03 noviembre, 2009

Mictlán con flores tristes.

Se acercó desolada con plena intención de llorarle, de nuevo.

Sus ojos vidriosos no podían creer lo que veían: Era la tumba de su abuela que no visitaba desde hacía mucho tiempo.

Entre las luces que ahora adornaban el escenario del cementerio parecían verse con un incandescente color que jamás había visto. Las flores emitían ese olor peculiar que tanto detestó.

El copal emergía en un humo intenso que le atraía de una forma descomunal, como induciéndola al camino que debía tomar. Ya no era posible oponerse: Tenía que seguirlo... Y la llevó hasta la tumba de su abuela. No creía lo que estaba pasando hasta que se percató de que ya era una de ellas: De las almas que regresan.

Las flores ya no eran tan vivarachas como las que ponía en la ofrenda junto a su madre, el alma de la abuela tocó lo que ahora reconocía como su propio hombro, diciéndole: Acompáñame, si no sabes que hacer yo te mostraré como regresar.

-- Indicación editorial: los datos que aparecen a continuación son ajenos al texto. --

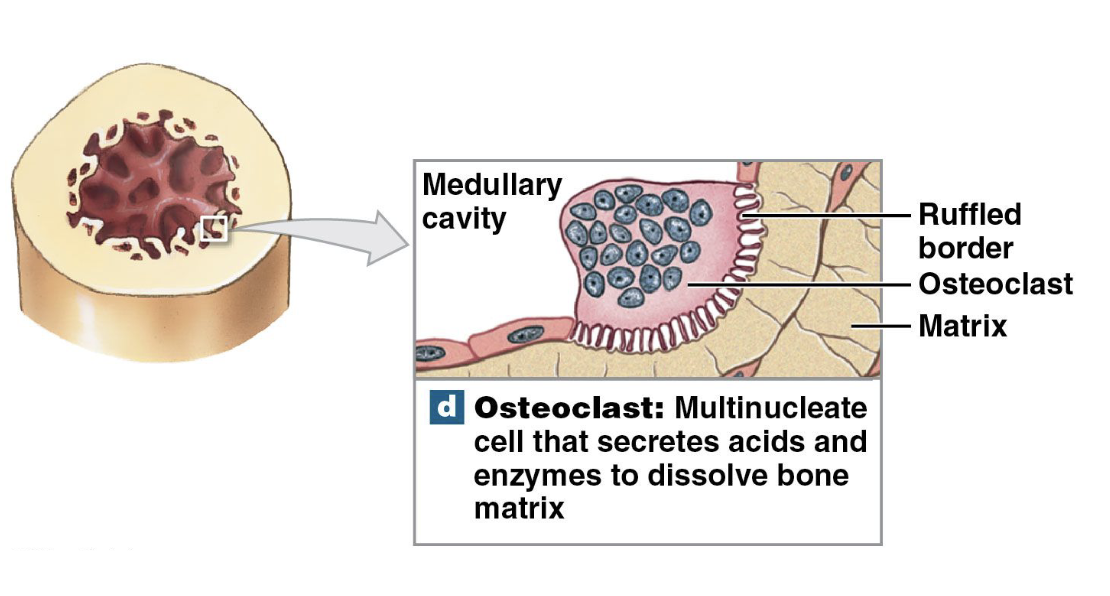 <p>– break down osteocytes</p><p>– Secrete <strong>acids</strong> & protein-<strong>digesting</strong> enzymes to break down bone</p><p>• break down bone matrix & release minerals</p><p>• <strong><u>Osteolysis</u>: breakdown of bone; to regulate calcium</strong> important in <strong>homeostasis</strong></p>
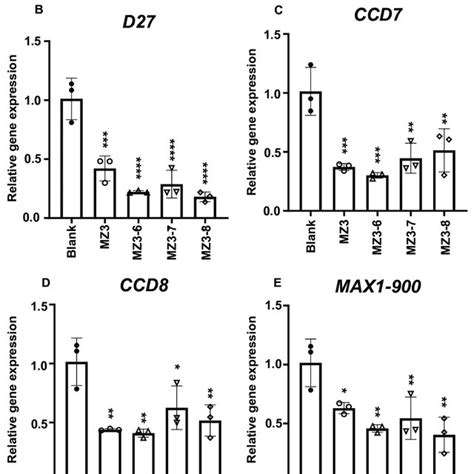 Effect Of Mz Derivatives On Gene Expression Associated With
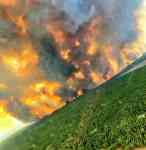 Noticia: Imágenes de los grandes incendios que arrasan el noreste de Argentina Imágenes de los grandes incendios que arrasan el noreste de Argentina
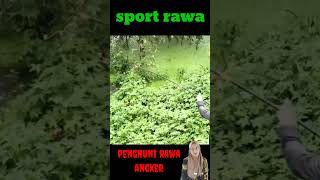 sambaran monster predator rawa angker fishing viralvideo gabus toman mancingmania strike [upl. by Neurath]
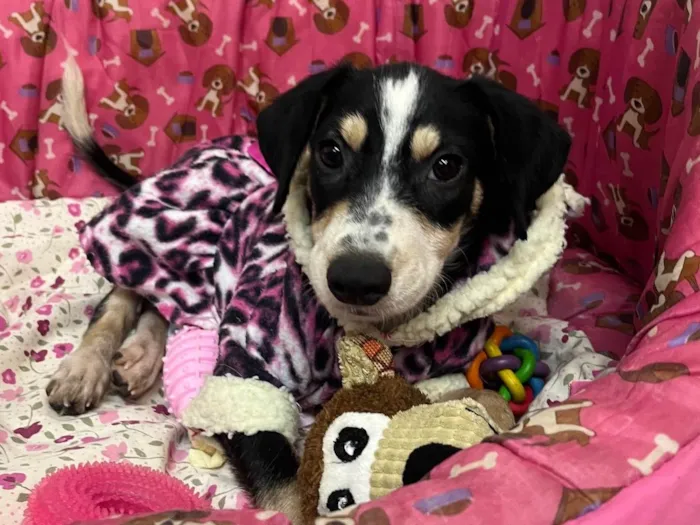 Cachorro ra a SRD-ViraLata idade 2 a 6 meses nome Lory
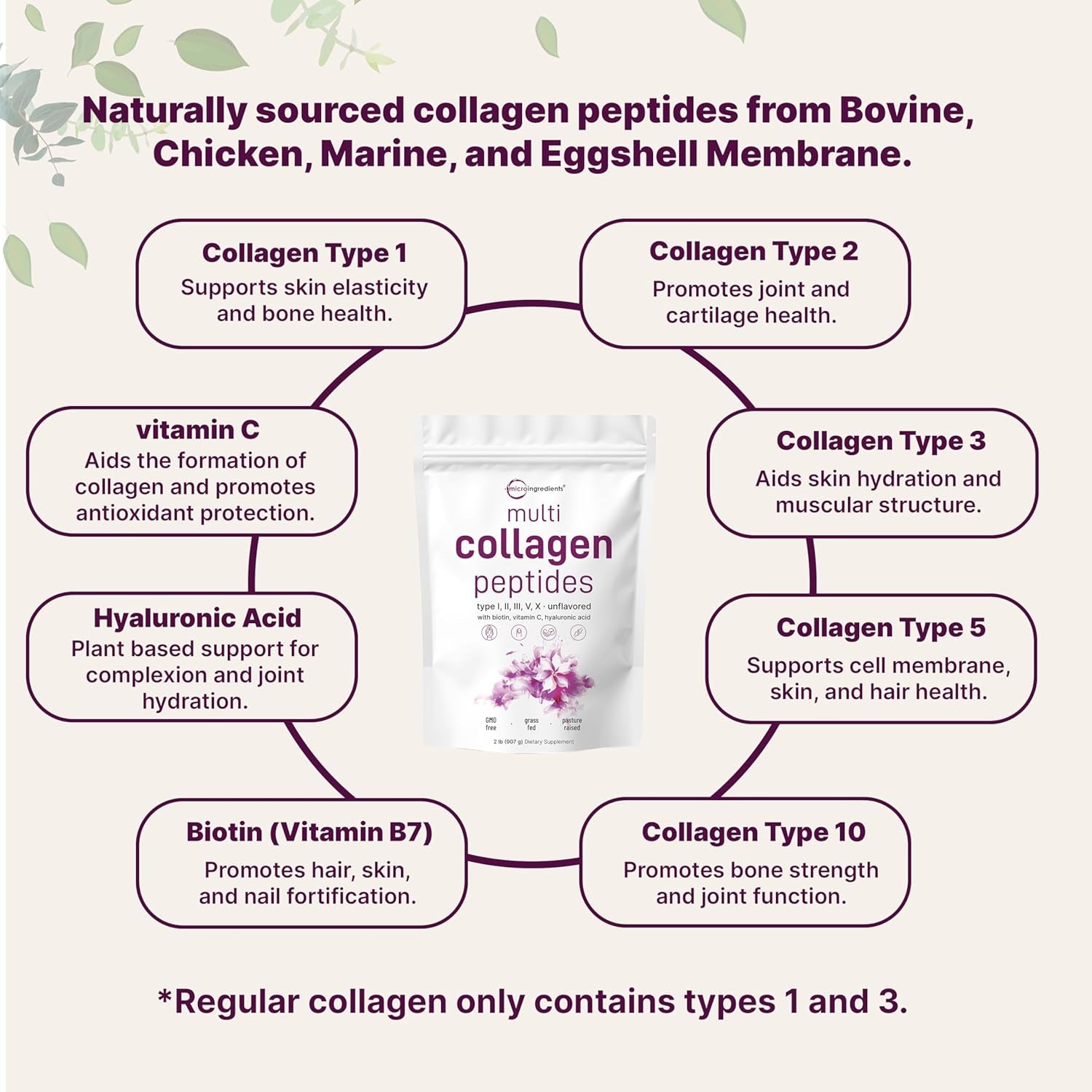 Micro Ingredients Multi Collagen Peptides Powder, 2Lb – Hydrolyzed Type I,II,III,V,X with Biotin, Hyaluronic Acid, Vitamin C – Unflavored Collagen for Women & Men, Easy Dissolve, 82 Servings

Su ex esposo le había dejado un vaso de agua y un trago de whiskey en la mesa; un cigarro y un pan de muerto, al lado de la veladora. Una fotografía de ella donde lucía radiante con el pelo largo lacio hasta los hombros. Sí, ella había muerto y ahora le tocaba regresar.

Y mira si es que el destino es grande: Nunca creyó en el mito de día de muertos. Ahora le era complicado saber que sólo ese día podría estar con su amado.

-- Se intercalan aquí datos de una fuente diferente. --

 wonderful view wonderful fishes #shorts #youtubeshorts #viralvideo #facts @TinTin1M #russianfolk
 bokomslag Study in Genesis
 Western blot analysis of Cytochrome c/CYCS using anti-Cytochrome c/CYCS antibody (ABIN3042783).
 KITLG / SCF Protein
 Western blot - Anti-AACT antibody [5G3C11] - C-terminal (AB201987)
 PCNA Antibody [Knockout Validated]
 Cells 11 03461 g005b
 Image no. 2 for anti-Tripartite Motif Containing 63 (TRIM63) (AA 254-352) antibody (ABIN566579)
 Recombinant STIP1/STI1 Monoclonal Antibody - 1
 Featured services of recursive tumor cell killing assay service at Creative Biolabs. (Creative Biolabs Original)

Sin importarle los consejos de la abuela, ella subió las escaleras y lo encontró dormido, abrazando su viejo diario. Se sentó a su lado y quiso tocarle el rostro, tal y como él lo había hecho en su lecho de muerte y pese a todos sus esfuerzos no pudo más que llorar.

Sus lágrimas se disipaban con horror a la leve llovizna que sucedía afuera. Comprendió que por más que tratara él no se percataría de su presencia pero quiso estar segura: Le susurró al oído un "siempre te amaré".

Casi amanecía cuando tuvo que retirarse. Junto con su abuela emprendió el viaje de regreso al más allá.

A la mañana siguiente, el ex esposo ahora viudo se levantó temprano pese a que era 2 de noviembre y su empresa había decidió día de descanso.

En la ducha trataba de recordar lo soñado esa noche, pero pronto decidió dejar esa idea pues le dolía comprobar que casi siempre soñaba con ella. Con la muerta.

Ya frente al espejo recordó el susurro. Dijo en voz alta: Regresaste.

Supo que no fue en vano haber elegido hacer su pequeña ofrenda, pese a que su difunta esposa nunca creyó en los días de muertos.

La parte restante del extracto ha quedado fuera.